This is the story of an amateur detective, Lord Peter Wimsey, who sets out to prove the innocence of his elder brother, who has been charged with the murder of a Captain Cathcart, who happens to be the fiancé of their sister, Lady Mary.
The novel is a story set amongst the English upper-classes at a time when, if Dorothy Sayers is to believed, cheating at cards was thought to be worse than murder (and murder and adultery were equally serious transgressions) and where a Lord would rather face the gallows than sully the honour of a woman or bring scandal upon the family name. I suspect that the portrayal of that society was a caricature, even in 1926, when the book was originally published.
All of this lends a slight unreality to the proceedings, and Peter Wimsey is not a detective of the same calibre as, say, Sherlock Homes; for example his discovery of a vital clue (a letter stuffed into a rattling window) is serendipitous. Some of the characters are straight out of central casting, Wimsey's man Bunter is the equivalent of Jeeves, and the Dowager Duchess is a marginally more forbearing version of Lady Bracknell from the Importance of Being Earnest.

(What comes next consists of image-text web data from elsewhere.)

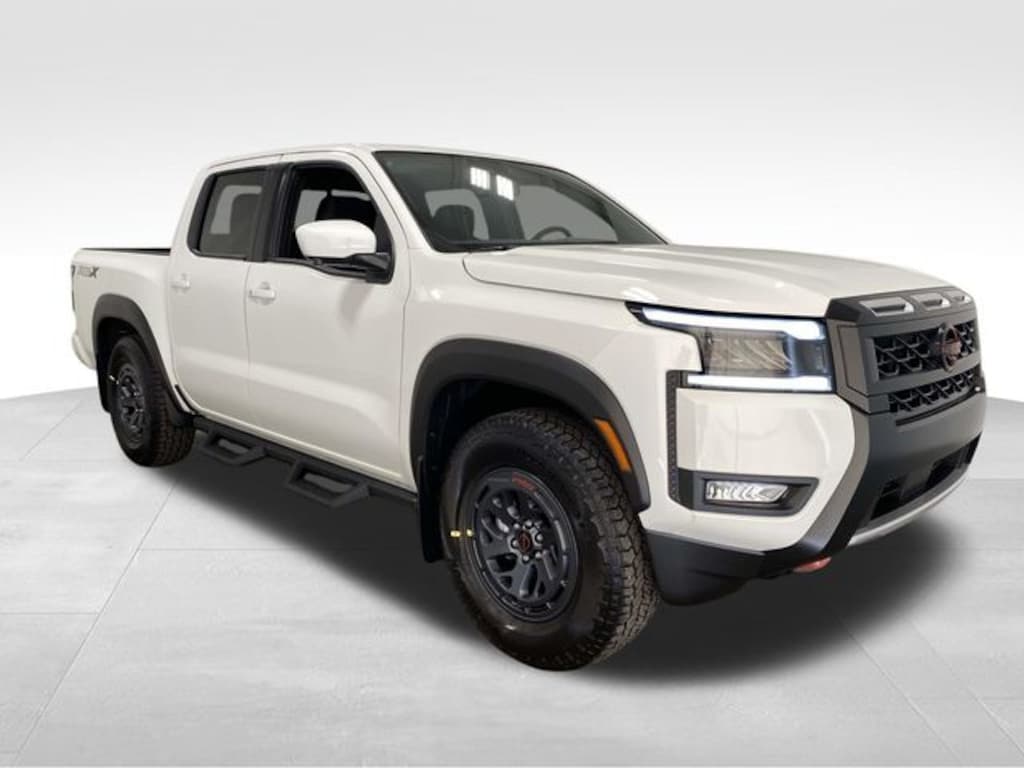 New 2026 Nissan Frontier PRO-X Truck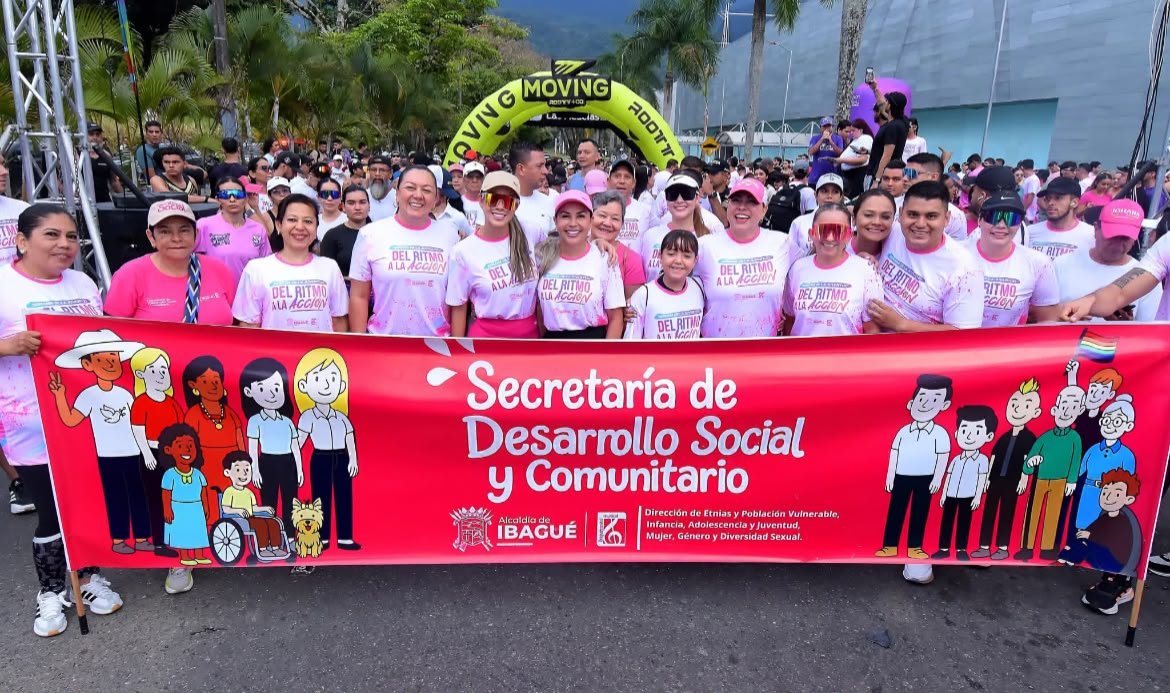 Más de 10.000 jóvenes se tomaron Ibagué durante la Semana de la Juventud 13 WhatsApp Image 2026 09 09 at 3.23.20 PM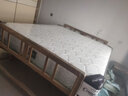 海马亦言床垫 席梦思天然乳胶椰棕独立弹簧五星级十大酒店双面加厚品牌 双面G款：乳胶+独立弹簧+椰棕 1.8x2.0米 实拍图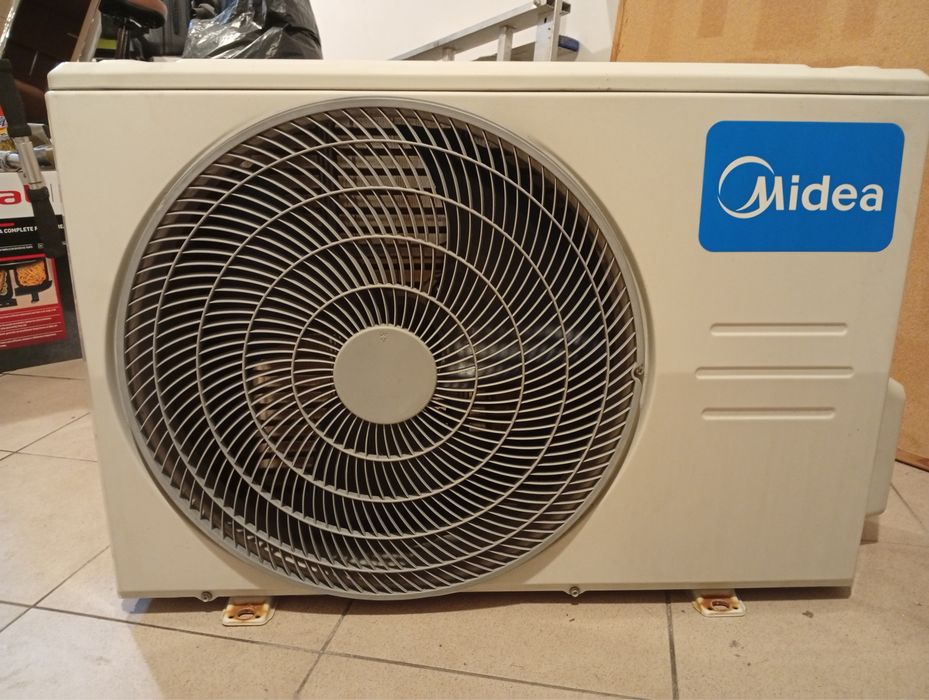 Klimatyzacja Midea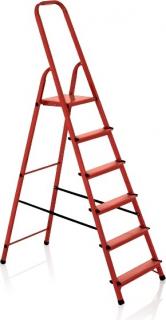 Jednostranný oceľový rebrík (schodíky) JOR 307 ELKOP (Jednostranný oceľový rebrík (schodíky) JOR 307 ELKOP)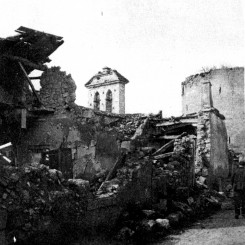 La Bataille de Castelnau (21 Juin 1944)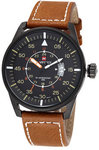 Naviforce 9044 Military Style Date PU Leather Quartz Mens Wrist Watch - US $12.99 (~AU $16.52) [was AU $38.13] Posted @ Banggood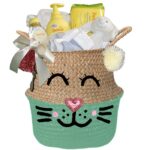 Konijntje mand geschenk unisex neutraal met naam - Imagen 14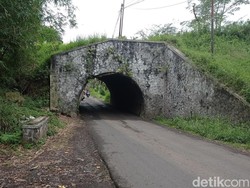Menelusuri Jejak Kereta Api Pasir Galunggung Tasikmalaya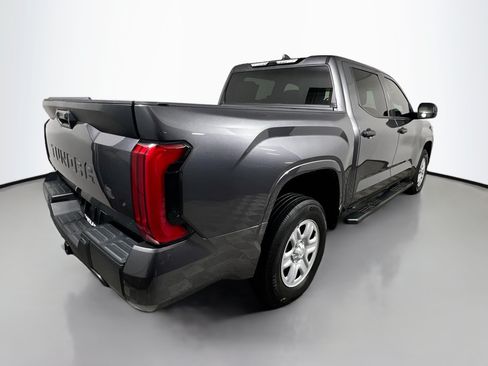 Used 2025 Toyota Tundra SR w/ SR Tow Package AWD/4WD image 4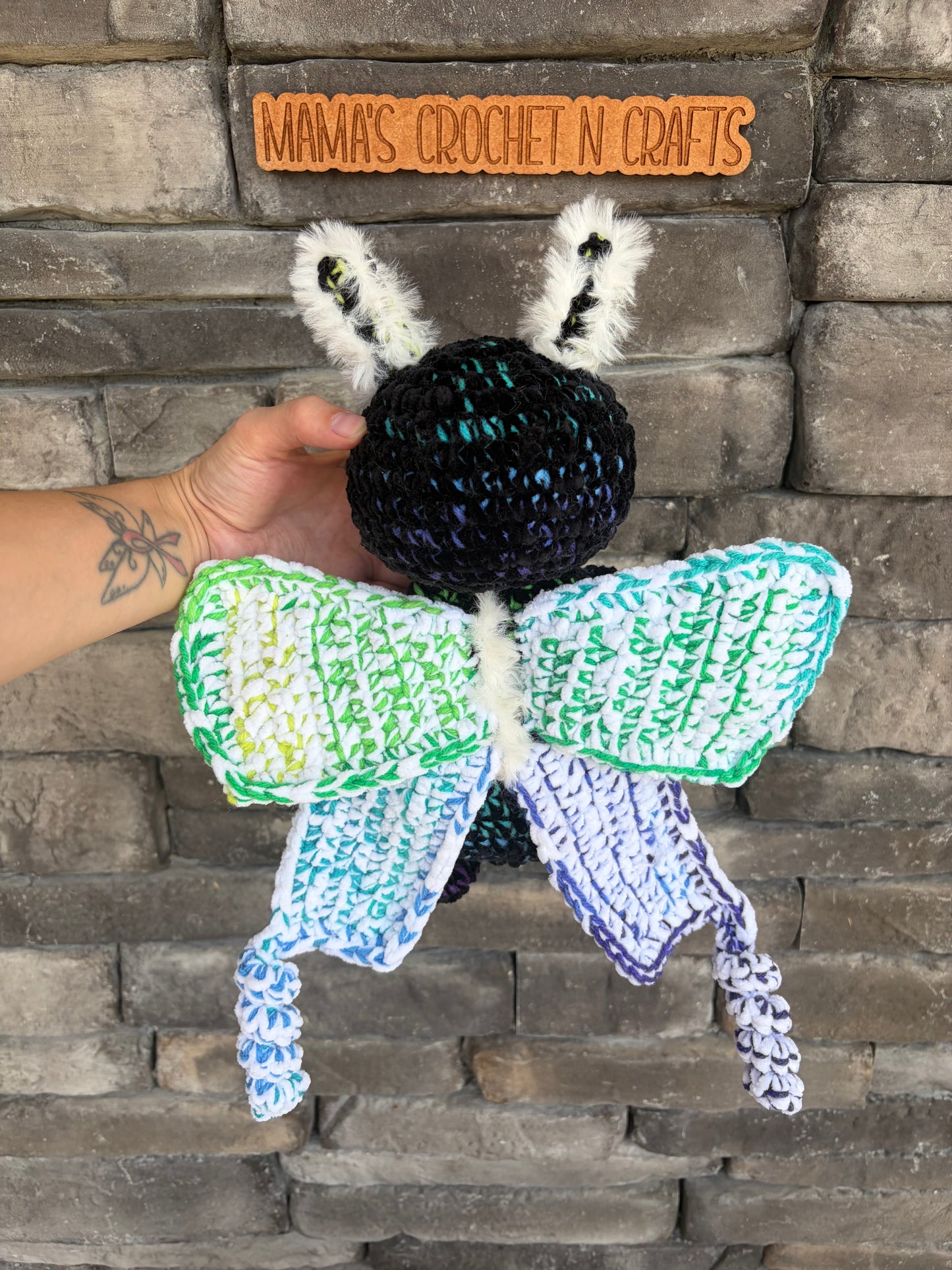 Luna moth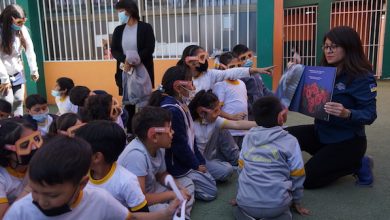 Photo of Gabriela Sotomayor, historiadora, escritora y mediadora de lectura: “mi sueño siempre ha sido compartir todo el conocimiento que tengo”
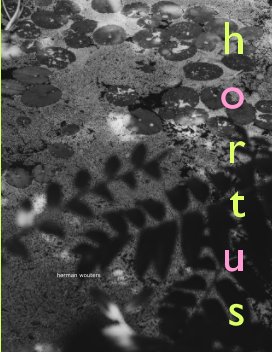 Hortus book cover
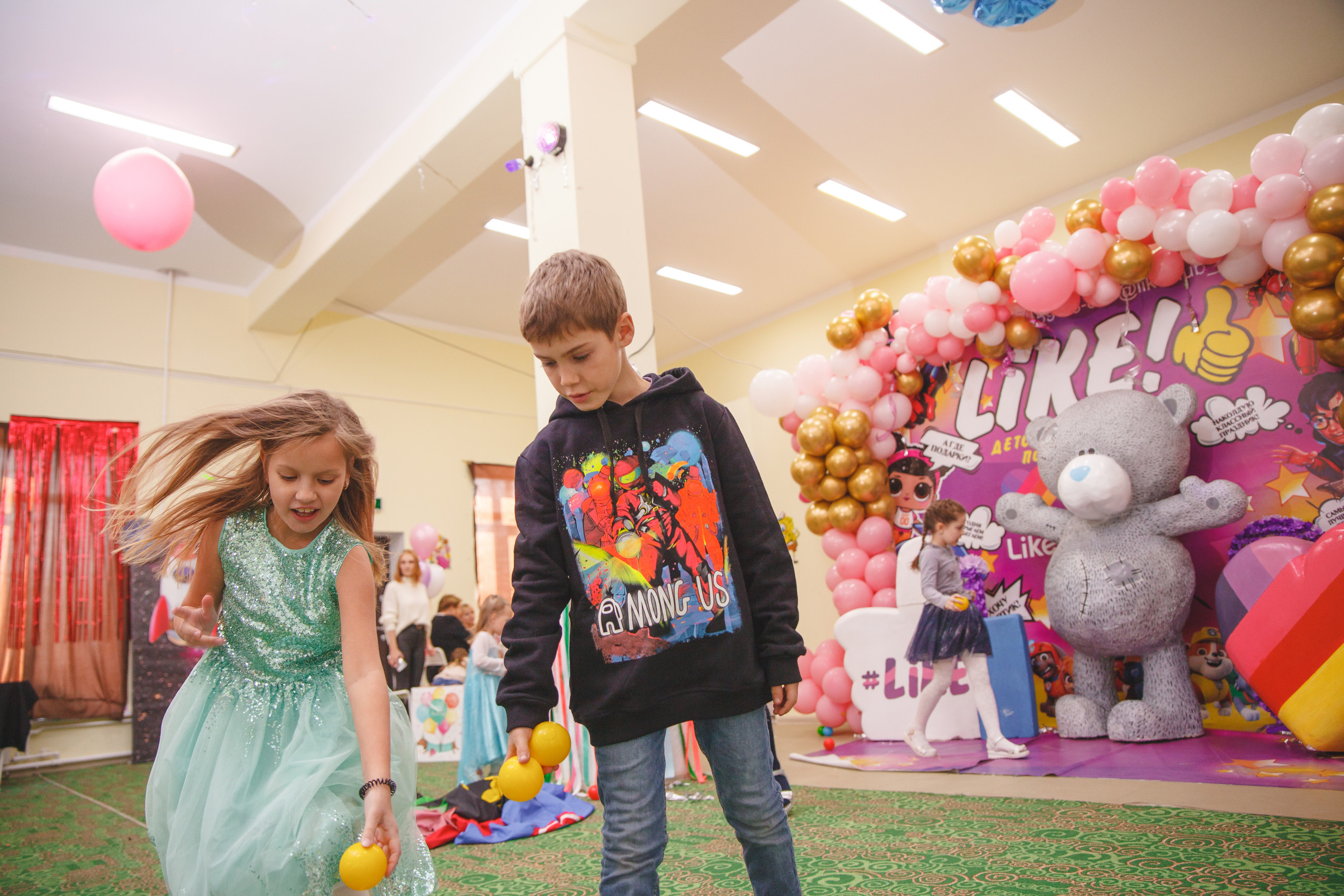 День рождения Малены. Сайт фотографа Марина Ефанова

All of that said, this is an enjoyable read. The story moves at a good pace, there is action and comedy (the Dowager Duchess is particularly good value), and Sayers' use of dialogue to bring out character and move along the plot is skilled. There are some serious moments also (after all a death has occurred) and World War I, which was not long over, casts a show over the characters. If you are looking for a classic whodunit along the lines of, say, Agatha Christie, I would give this a miss. However, if you enjoy well written, tongue in cheek detective stories that give an insight into a very different social milieu (albeit that insight may be through a distorting lens that says more about how that society was perceived than about how it actually was) this is well worth a visit.